Encodings combine a conversion strategy and several customization points into a coherent algorithm.

Examples of customization points are:

  • _idversion in MongoDB.
  • Id scheme prefix.
  • Tag in meta.git.encoding.
  • Tag in Git tree .noggitencoding.
  • Tag in Git commit message footer.

Each of the customization points needs to be managed independently during encoding evolution. Tags should not naively use the encoding name. The tag naming conventions are:

  • Stable tags use a few characters followed by a simple numeric version. The first stable scheme version uses 1. Examples: gid1, nat1, mst1.
  • Tags may be prototyped as version 0. Examples gid0.
  • Tags may use a suffix during early prototyping to indicate a pre-release and reserve the name for the stable scheme. The suffix is dropped as soon as there is hope that the scheme will graduate to stable in a backward compatible way. Example: gid1a0 for scheme Git id 1-alpha-0 during early prototyping; but gid1 as soon as the code feels stable enough.
  • If tag changes are necessary, because an encoding break backwards compatibility, either the next full version is used, like gid2, or a dot version, like gid1.1. Details will be decided later.

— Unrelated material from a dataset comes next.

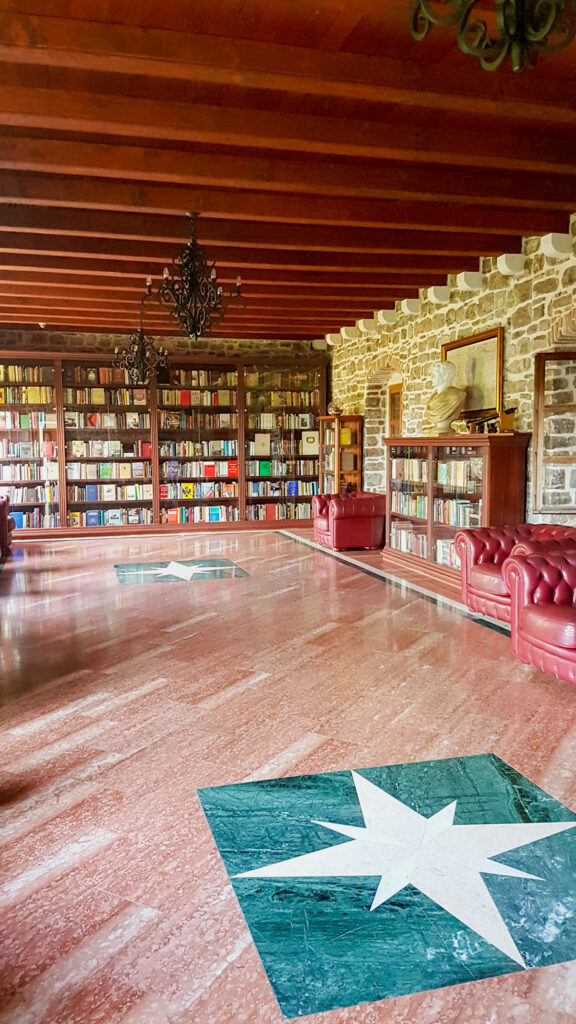 Bibliothek in der Zitadelle von Budva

Encodings combine information about the back end, how metadata is represented, and how ids are generated. The tentative naming convention has been copied below; see nog*.proto for latest information:

`Encoding` enumerates the Nog storage encodings.

- 0: encoding not available.
- xxx: reserved for stable encodings, assign sequentially.
- 1bxxx: beta encodings, xxx equals expected stable id, b equals X in betaX.
- YYMMSSxxx: alpha, YY-MM date of assignment, SS serial in YY-MM.
- 999999xxx: to be assigned.

Naming scheme for Git encodings: <type>_<class>_<meta>_<ids>_<version>.

<type> = C  # commit
       | T  # tree
       | O  # object

<class> = GIT

<meta> = NAT  # Native git w/o additional metadata.
       | MST  # Metadata from subtree `.nog`.
       | MOB  # Metadata from side-by-side object `.meta.json`.

<id> = GID  # Git id as `gidX:...`.
     | NID  # Traditional Nog id as SHA1 over canonical JSON.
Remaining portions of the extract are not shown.